Night one. Mile 18. As I walk away from the campfire and circle of chairs, I gaze up at the stars and dark canyon walls. I can’t imagine how much taller these walls will get, how much further we have to travel.
I look down again and turn on my headlamp. The bright glow reveals where others are sleeping. I’m cautious to walk around them, my steps uneven in the sand. I can hear my dad snoring as I grow close to our family’s spot for the night, a mini bluff above the river.
Near my tarp, I dig my journal out of my dry pack and scribble, “Can’t believe how far in we are and how far we have to go.” A generic comment. I’m tired, don’t give it much thought. As I settle into my sleeping bag and let my head sink into my pillow, I continue to study the stream of stars above.
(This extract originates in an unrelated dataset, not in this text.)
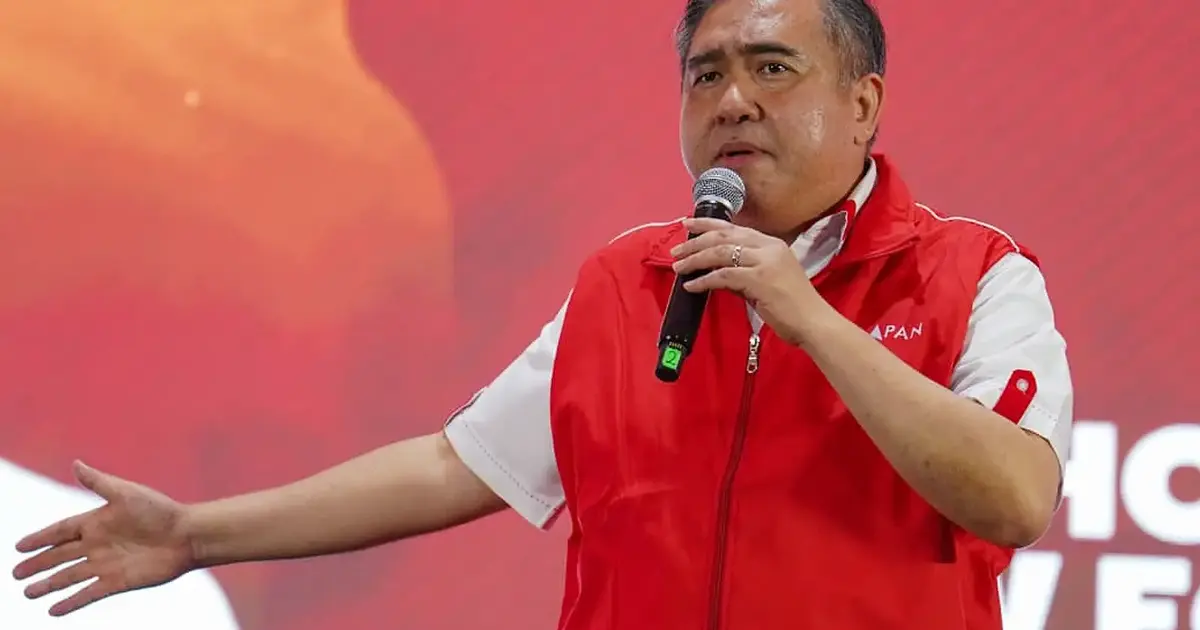 DAP's Loke alleges coordinated smear campaign ahead of Negeri Sembilan state election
The dark canyon walls provide a focused view of a sky I’ve seen many times in many places. In the coming days and nights, I’ll realize my time in the Grand Canyon is also providing a focused view of me.
Before the beginning
To be honest, I hadn’t given the trip — six days of rafting, hiking and camping in the Grand Canyon — much thought. It wasn’t for lack of enthusiasm, and it certainly wasn’t because I’d rather be doing something else. This was a bucket list trip, the adventure of a lifetime.
In the weeks leading up to my family’s time on the Colorado River, I often found myself working 10+ hours a day. Every time one project ended, five more seemed to start. My brain was fried, my energy lacking. I was looking forward to the clean break from everything, but the long workdays and my dwindling energy left me uneducated on just what was to come, how incredible and unforgettable the experience would be.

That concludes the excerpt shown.